An oil platform – also known as a topside - can be decommissioned by dismantling it onsite or by cutting it into pieces and floating it away on barges. Supporting legs are sometimes left in the sea where they stand.

Shell decided to remove the Brent Delta topside in one piece. This method had been used before, though not with a platform this big.

The Brent Delta was the height of the London Eye and had a platform deck space about the same size as a football pitch. Weighing 24,000 tonnes, it had been home to 160 people and stood in 140m of water.

After 5 years planning in April 2017 the 382m long lifting vessel Pioneering Spirit slid under the Brent Delta topside and lifted it off its 3 concrete legs in only 10 seconds.

The ship then took 5 days to carry the platform 700km south to Hartlepool where it was dismantled.

"Fantastic. Probably the best thing I've ever seen in my career.”

ROBERT CULLEN Former Brent Delta Worker, Watching The Lift On 28 April 2017.

Brent Field oil rig decommissioning

For four years, Robert Cullen lived and worked on the Shell Brent Delta platform, the world's largest construction vessel. He is now taking part in it's decommission as it is lifted off to be taken to Hartlepool for recycling.

Video courtesy of Shell

Did you know …

  1. The Brent Delta platform weighs the same as 2,000 London buses.
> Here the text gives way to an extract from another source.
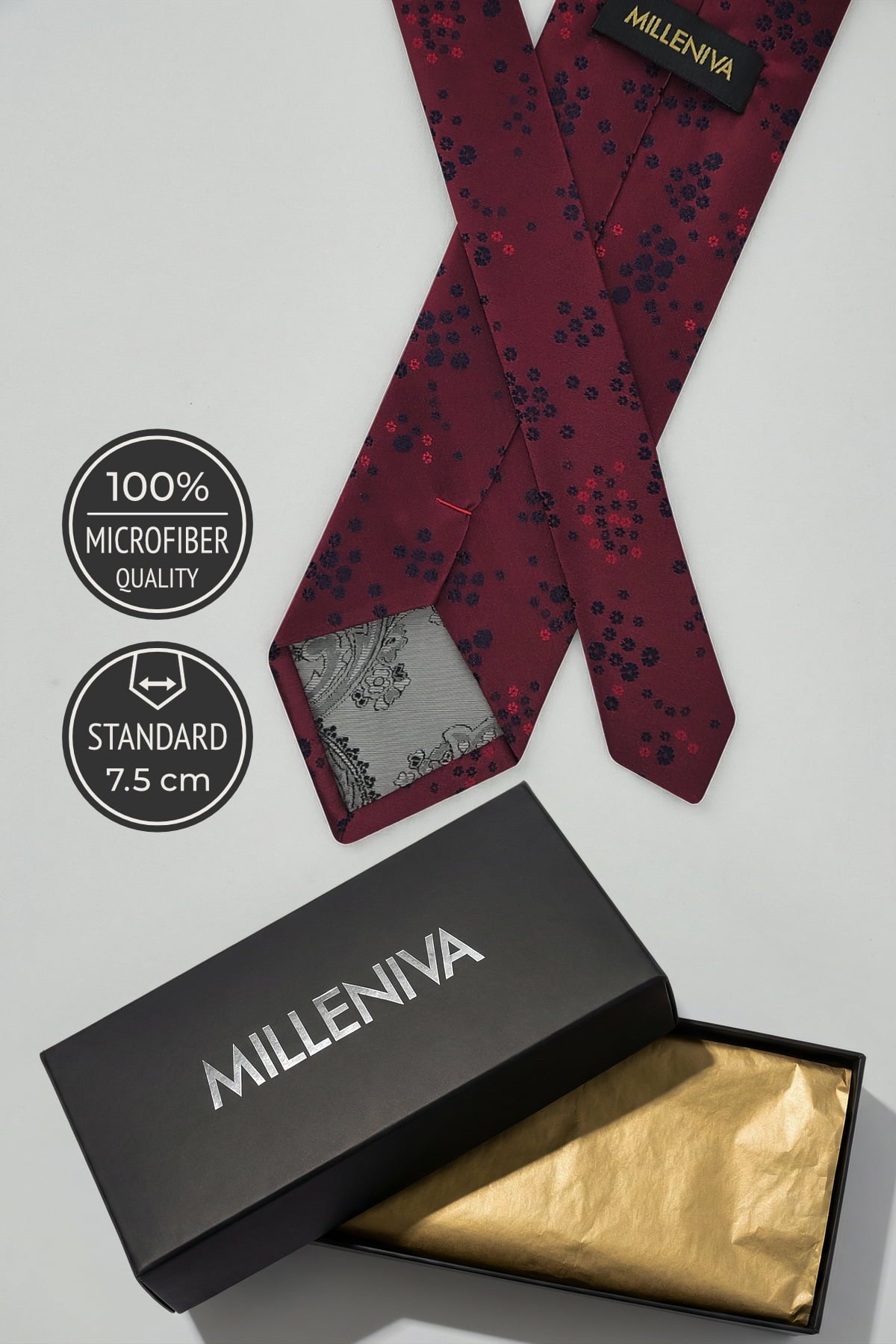 Milleniva 7.5cm Standart Mikrofiber Bordo Kravat - Markalı Siyah Hediye Kutusu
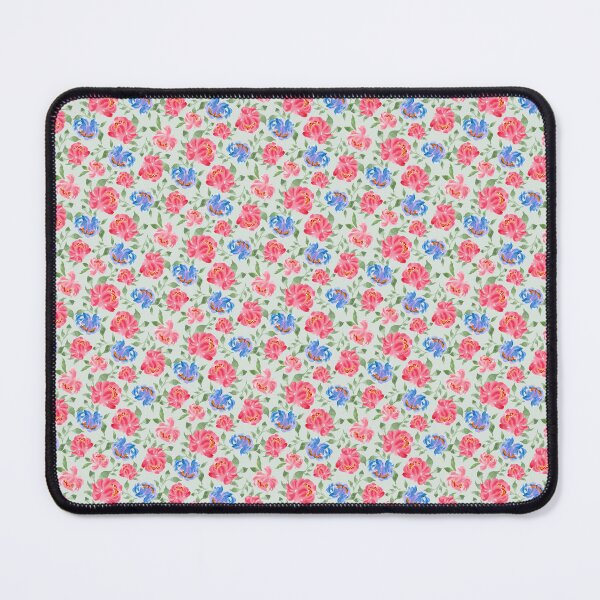 Item preview, Loose Watercolor Pink Peonies and Blue Peonies Soft Pastel Green designed and sold by JasmineGDesigns.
  2. The oil rig is the first major piece of infrastructure to be decommissioned in the North Sea.

  3. More than 100 platforms are set to be completely or partially removed over the next decade in UK and Norway waters.

Difference the decommissioning made

With around 100 oil platforms set to be decommissioned in the next 10 years the Brent Delta removal has shown the work can be done smoothly and with limited environmental damage.

Brent Delta will be 97% recycled. This should demonstrate that oil rig decommissioning work need not have a major impact on the environment.

How the work was done

The Brent Delta platform removal took 5 years of study, preparation and engineering work.

Preparation saw engineers strengthen the platform underdeck, install lift points on the rig and cut through the 3 massive concrete legs that the platform stood on. Unlike most other rigs - which have steel legs - Brent Delta sat on reinforced concrete columns.

Offshore engineers Allseas built the 382m long lifting vessel Pioneering Spirit specially for the Brent Delta job.

The twin-hulled colossus was built in South Korea and designed to straddle an oil platform and remove an entire topside in a single lift.

Pioneering Spirit is the same length as 6 jumbo jets sitting nose to tail. The vessel looks a bit like 2 ships welded together side to side but with a gap the width of an oil rig in between. It's equipped with 16 hydraulic lifting arms.

The Brent Delta removal was the heaviest ever marine lift and a world record.

People who made it happen

  • Client: Shell International plc
  • Main contractors: Offshore engineers Allseas Group S.A.